(DATA PROVIDED):

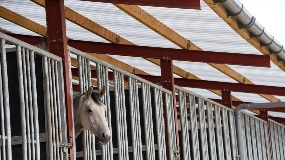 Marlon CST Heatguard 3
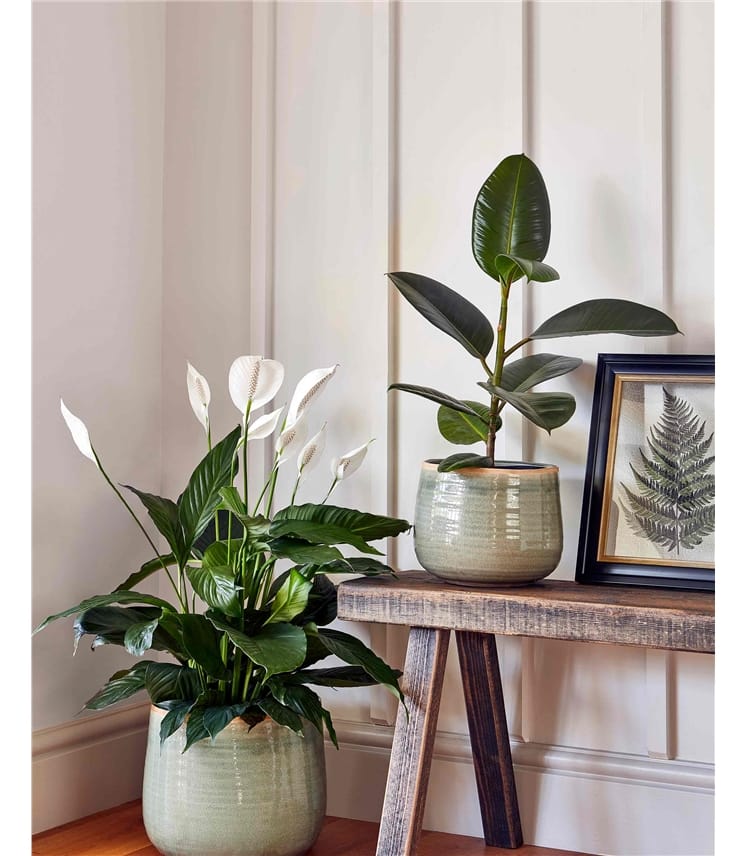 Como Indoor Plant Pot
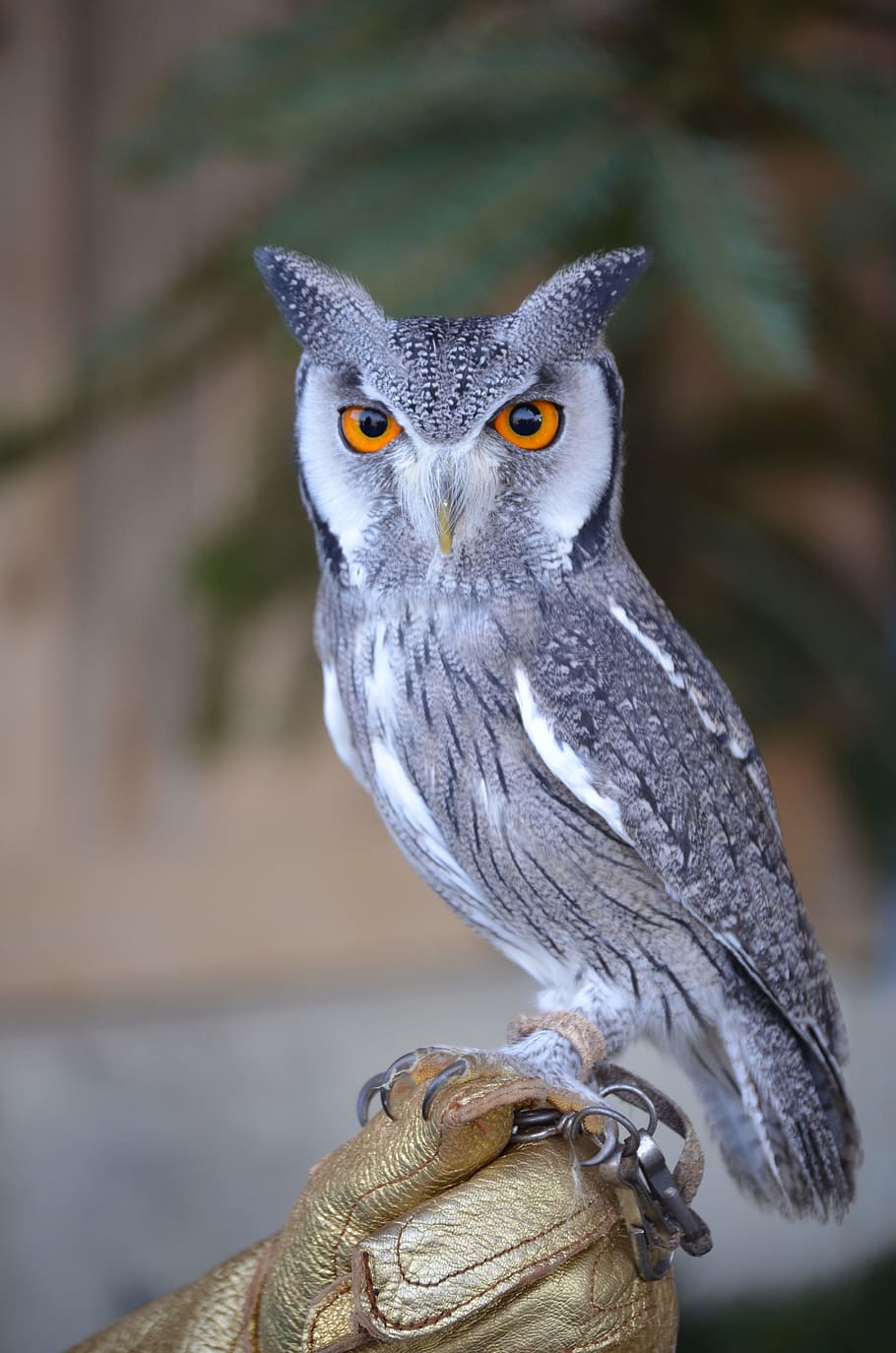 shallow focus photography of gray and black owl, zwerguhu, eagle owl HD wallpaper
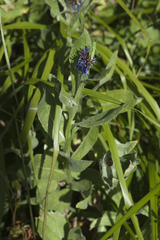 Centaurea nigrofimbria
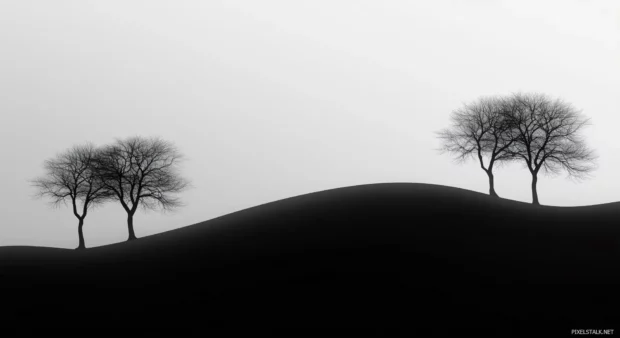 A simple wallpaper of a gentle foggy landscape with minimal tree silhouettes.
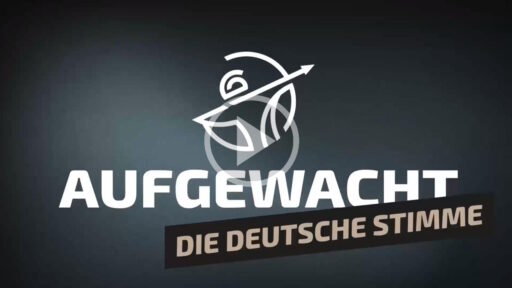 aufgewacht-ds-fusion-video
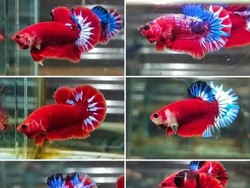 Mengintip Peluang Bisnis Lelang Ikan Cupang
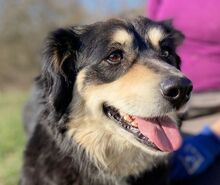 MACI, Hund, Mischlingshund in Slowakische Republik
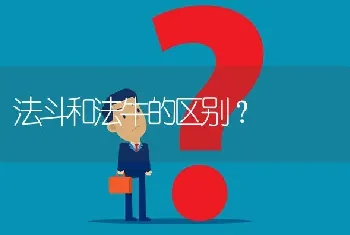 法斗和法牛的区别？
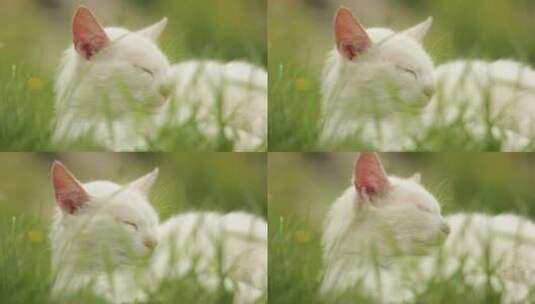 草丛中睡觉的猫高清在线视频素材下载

--

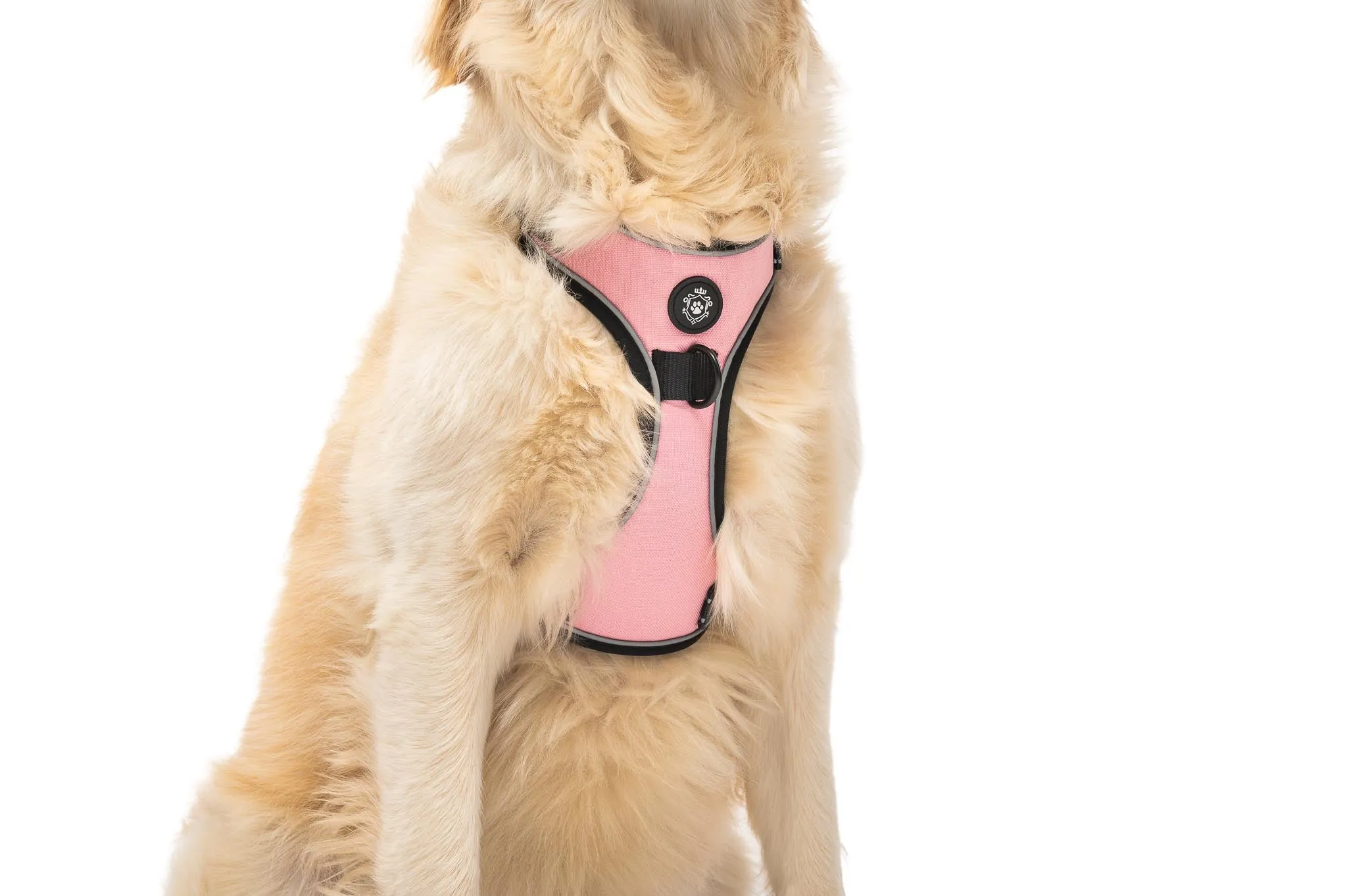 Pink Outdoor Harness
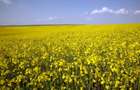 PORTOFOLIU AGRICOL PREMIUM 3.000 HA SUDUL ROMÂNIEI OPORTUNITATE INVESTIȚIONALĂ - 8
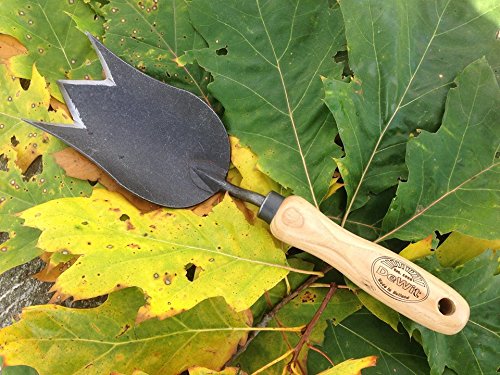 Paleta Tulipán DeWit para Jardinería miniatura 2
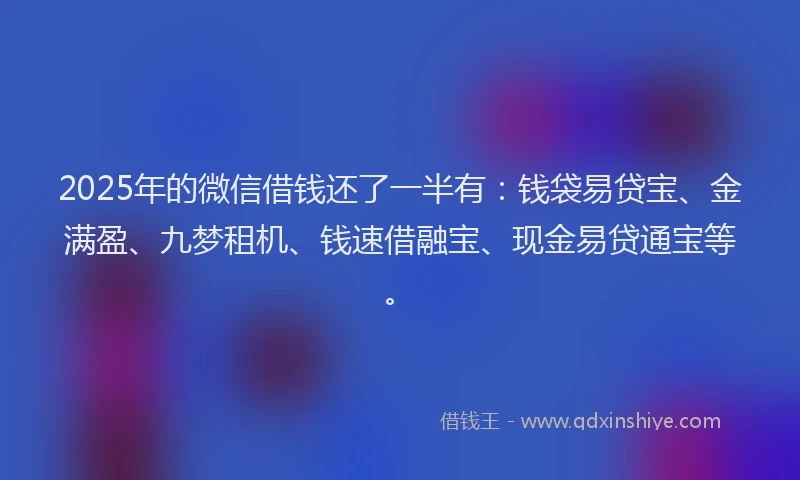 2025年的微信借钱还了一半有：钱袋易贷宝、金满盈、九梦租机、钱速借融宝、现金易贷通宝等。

==

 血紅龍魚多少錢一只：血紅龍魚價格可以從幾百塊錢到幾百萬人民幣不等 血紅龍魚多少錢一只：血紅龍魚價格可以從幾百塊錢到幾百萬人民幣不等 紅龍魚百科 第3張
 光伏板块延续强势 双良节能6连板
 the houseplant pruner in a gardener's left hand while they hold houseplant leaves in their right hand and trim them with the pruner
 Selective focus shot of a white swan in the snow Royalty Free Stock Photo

(ACTIVITY):
Drop the pictures; return the lines above from the line containing "Marlon CST Heatguard 3" to the line containing "草丛中睡觉的猫高清在线视频素材下载", both included, exactly.

(ANSWER SPACE):
 Marlon CST Heatguard 3
 Como Indoor Plant Pot
 shallow focus photography of gray and black owl, zwerguhu, eagle owl HD wallpaper
 Centaurea nigrofimbria
 A simple wallpaper of a gentle foggy landscape with minimal tree silhouettes.
 aufgewacht-ds-fusion-video
 Mengintip Peluang Bisnis Lelang Ikan Cupang
 MACI, Hund, Mischlingshund in Slowakische Republik
 法斗和法牛的区别？
 草丛中睡觉的猫高清在线视频素材下载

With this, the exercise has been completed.